Il apparaît donc que la décision entreprise doit être regardée comme définitive à l’égard de la société Open City Promotion, non intimée. Aussi, les demandes des sociétés Prestige Invest 6 et Angelys Group dirigées contre la société Open City Promotion, qui n’a pas été appelée régulièrement en la cause, outre qu’elles n’ont pas été faites contradictoirement à son égard, seront déclarées irrecevables.
L’appel sera en revanche reçu en ce qui concerne la société Open City Immobilier.
Sur la prétendue nullité de la décision entreprise
Selon l’article 4 du code de procédure civile, ‘L’objet du litige est déterminé par les prétentions respectives des parties. Ces prétentions sont fixées par l’acte introductif d’instance et par les conclusions en défense. Toutefois l’objet du litige peut être modifié par des demandes incidentes lorsque celles-ci se rattachent aux prétentions originaires par un lien suffisant’.
Selon l’article 16 du même code, ‘Le juge doit, en toutes circonstances, faire observer et observer lui-même le principe de la contradiction.
Il ne peut retenir, dans sa décision, les moyens, les explications et les documents invoqués ou produits par les parties que si celles-ci ont été à même d’en débattre contradictoirement.
Il ne peut fonder sa décision sur les moyens de droit qu’il a relevés d’office sans avoir au préalable invité les parties à présenter leurs observations.’
Selon l’article 455, alinéa 1er, du même code, ‘Le jugement doit exposer succinctement les prétentions respectives des parties et leurs moyens.
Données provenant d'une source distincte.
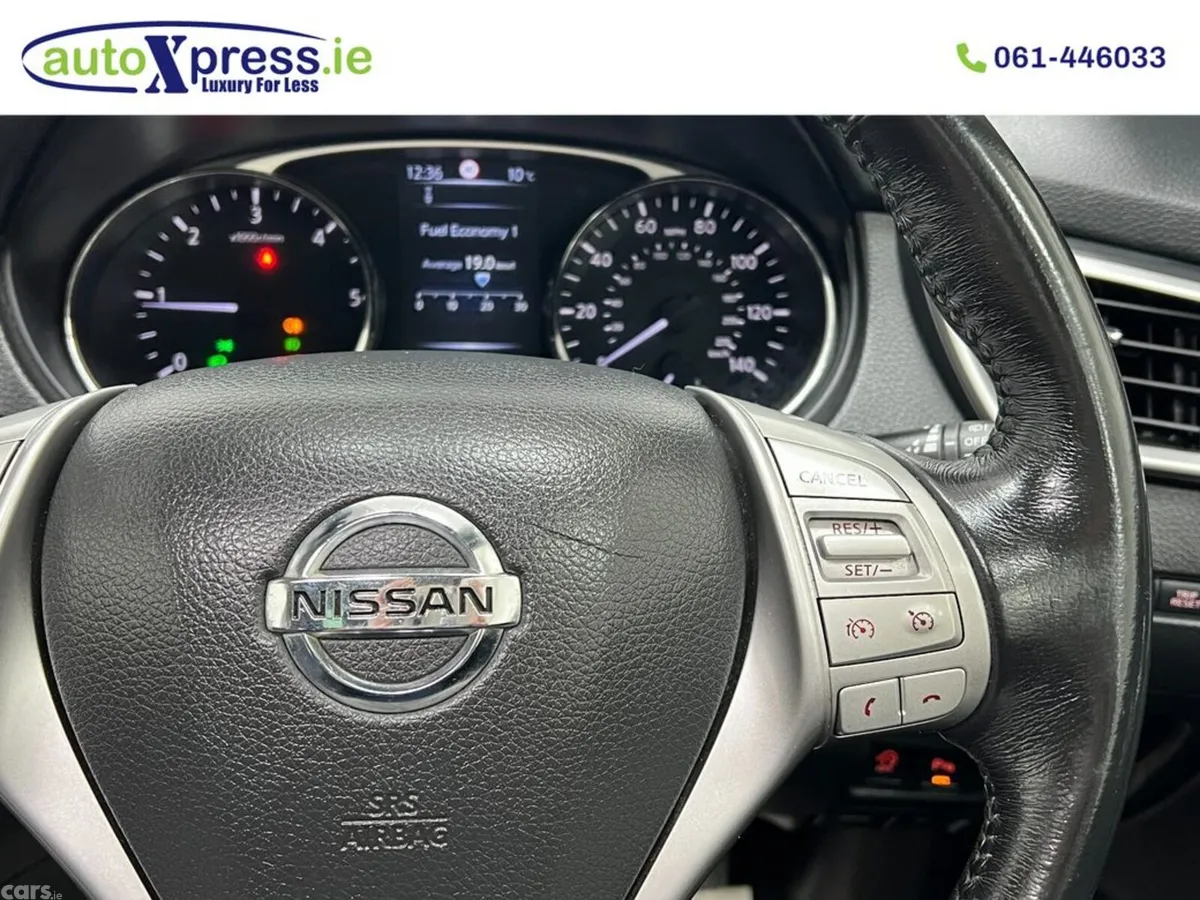 Nissan X-Trail SUV, Diesel, 2015, Grey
Cet exposé peut revêtir la forme d’un visa des conclusions des parties avec l’indication de leur date. Le jugement doit être motivé.’, ce qui doit être observé à peine de nullité en application de l’article 458, alinéa 1er, du dit code.
Au cas d’espèce, les sociétés Angelys Group et Prestige Invest 6 prétendent que la décision entreprise est nulle pour violation des articles 4 et 16 du code de procédure civile. Elles font valoir, d’une part, que le premier juge a modifié l’objet du litige dès lors qu’il a accordé une provision sans avoir été saisi d’une telle demande, puisque les sociétés adverses sollicitaient le prononcé d’une condamnation formulée à titre définitif. D’autre part, elles font valoir que le premier juge n’a pas répondu au moyen qu’elles soulevaient tenant à l’irrecevabilité des demandes adverses en application de l’article L. 228-54 du code de procédure civile [en réalité, du code de commerce].
Cependant, comme le fait valoir à juste titre la société Open City Immobilier, il ne ressort pas des éléments en débat que le premier juge, saisi en référé, aurait dénaturé les termes du litige en allouant une provision, alors que dans leurs écritures en première instance, soutenues oralement devant lui, les parties demanderesses précisaient clairement que leurs prétentions visaient à l’obtention d’une provision et se fondaient explicitement sur l’article 873 alinéa 2 du code de procédure civile. Et, contrairement à ce que soutiennent à titre subsidiaire les sociétés Angelys Group et Prestige Invest 6, le premier juge, statuant en référés, avait bien compétence pour trancher une telle demande.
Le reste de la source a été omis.